═════ Data section ═════

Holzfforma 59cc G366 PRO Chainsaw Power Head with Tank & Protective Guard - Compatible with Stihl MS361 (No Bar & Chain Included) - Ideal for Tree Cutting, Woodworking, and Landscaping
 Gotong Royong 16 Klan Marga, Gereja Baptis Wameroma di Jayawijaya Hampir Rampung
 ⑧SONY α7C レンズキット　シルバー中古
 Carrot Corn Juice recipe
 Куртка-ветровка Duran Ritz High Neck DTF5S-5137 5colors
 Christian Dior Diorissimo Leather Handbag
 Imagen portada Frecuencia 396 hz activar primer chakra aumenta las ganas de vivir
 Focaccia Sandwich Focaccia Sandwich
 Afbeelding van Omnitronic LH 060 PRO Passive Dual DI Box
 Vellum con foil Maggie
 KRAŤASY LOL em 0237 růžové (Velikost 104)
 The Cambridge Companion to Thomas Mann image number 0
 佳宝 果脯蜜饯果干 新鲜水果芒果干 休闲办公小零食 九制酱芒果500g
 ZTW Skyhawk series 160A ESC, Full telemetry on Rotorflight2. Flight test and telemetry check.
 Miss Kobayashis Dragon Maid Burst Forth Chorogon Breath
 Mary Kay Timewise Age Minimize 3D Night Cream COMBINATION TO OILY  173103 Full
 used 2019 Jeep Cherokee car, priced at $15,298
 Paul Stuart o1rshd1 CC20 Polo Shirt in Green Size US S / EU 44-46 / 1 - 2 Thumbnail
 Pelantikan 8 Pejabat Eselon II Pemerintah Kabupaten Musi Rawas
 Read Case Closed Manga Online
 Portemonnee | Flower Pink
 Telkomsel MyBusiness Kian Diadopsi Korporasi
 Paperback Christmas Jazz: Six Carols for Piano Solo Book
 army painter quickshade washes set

═════

#### [What needs to be done]
Whatever lies between the line containing "Miss Kobayashis Dragon" and the final line above, both included, must be returned exactly.

#### [Result]
 Miss Kobayashis Dragon Maid Burst Forth Chorogon Breath
 Mary Kay Timewise Age Minimize 3D Night Cream COMBINATION TO OILY  173103 Full
 used 2019 Jeep Cherokee car, priced at $15,298
 Paul Stuart o1rshd1 CC20 Polo Shirt in Green Size US S / EU 44-46 / 1 - 2 Thumbnail
 Pelantikan 8 Pejabat Eselon II Pemerintah Kabupaten Musi Rawas
 Read Case Closed Manga Online
 Portemonnee | Flower Pink
 Telkomsel MyBusiness Kian Diadopsi Korporasi
 Paperback Christmas Jazz: Six Carols for Piano Solo Book
 army painter quickshade washes set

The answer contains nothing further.